Note about Scott Berkun and Confessions of a Public Speaker
I just finished Scott Berkun‘s book, Confessions of a Public Speaker. I started it because I read a good review of it on the Six Minutes: Public Speaking and Presentation Skills Blog. I also started it because I teach a communication class that involves public speaking, and I never took a public speaking class.

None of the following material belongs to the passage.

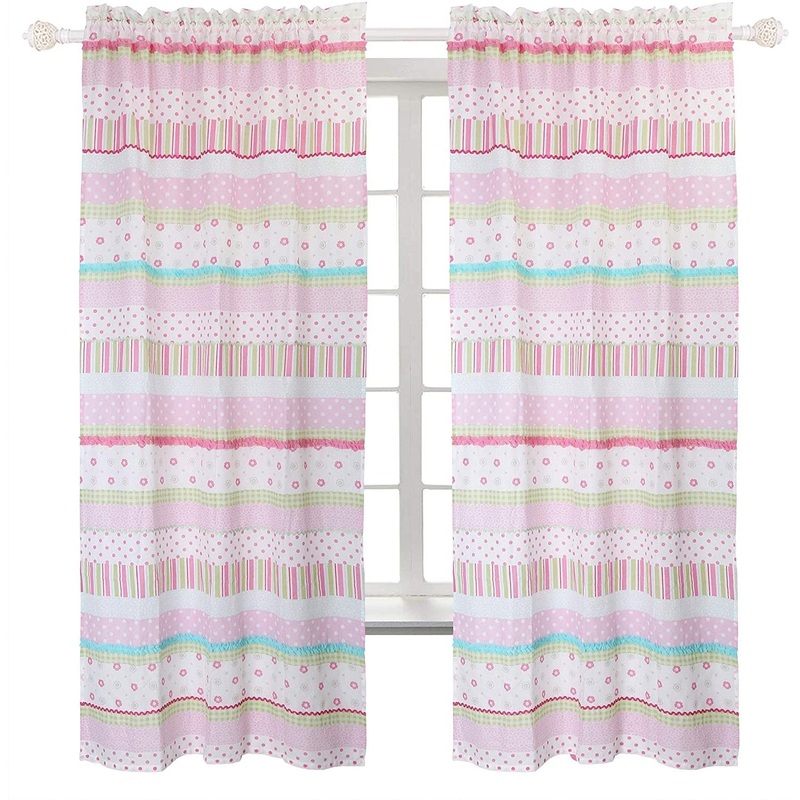 Taylor & Olive Sunfish Pastel Floral Stripe Rod Pocket Curtain Panel Pair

He emphasizes the importance of preparation and feels free to reveal many of the things he has learned about public speaking from experience because he knows people reading the book will not put in the time to prepare. In the book, he has a very good chapter on learning and teaching, The Clutch is Your Friend, which starts with his brother teaching him how to drive a standard transmission vehicle. He writes that this phrase
“reminds me that there is always a way – if I’m as much of an expert as I think I am – to forge a path for anyone to follow into a subject or skill. If I can’t make that path, I don’t understand my topic as much as my ego thinks I do” (134).
This statement gets to guts of being a good communicator as a teacher. It certainly doesn’t cover everything about teaching, but it presents the primary challenge of understanding whatever we are going to teach. It is why I keep trying to learn more about the grammar and language I teach in my ESL classes. 30 years of this and I am still trying to find better ways to teach topics like subject-verb agreement.
I keep striving to find the way to make these very complex operations understandable and meaningful for my students for I strongly agree with his statement on the next page:
“Teaching is a compassionate act. It transforms the confusing into the clear, the bad into the good. When it’s done well, and the insights are experienced not just by the teacher but by the students as well, everyone should feel good about what’s happened” (135).
On his site, he posts essays that I find engaging and challenging. His most recent one is “How to Be a Free Thinker“. The challenge he puts is to understand ourselves and what pushes us to think in a certain way. He offers advice on how to free ourselves of some constraints to our thinking. He offers good ideas that will strength of will and honesty. But then, as they say, “whoever said it was going to be easy?”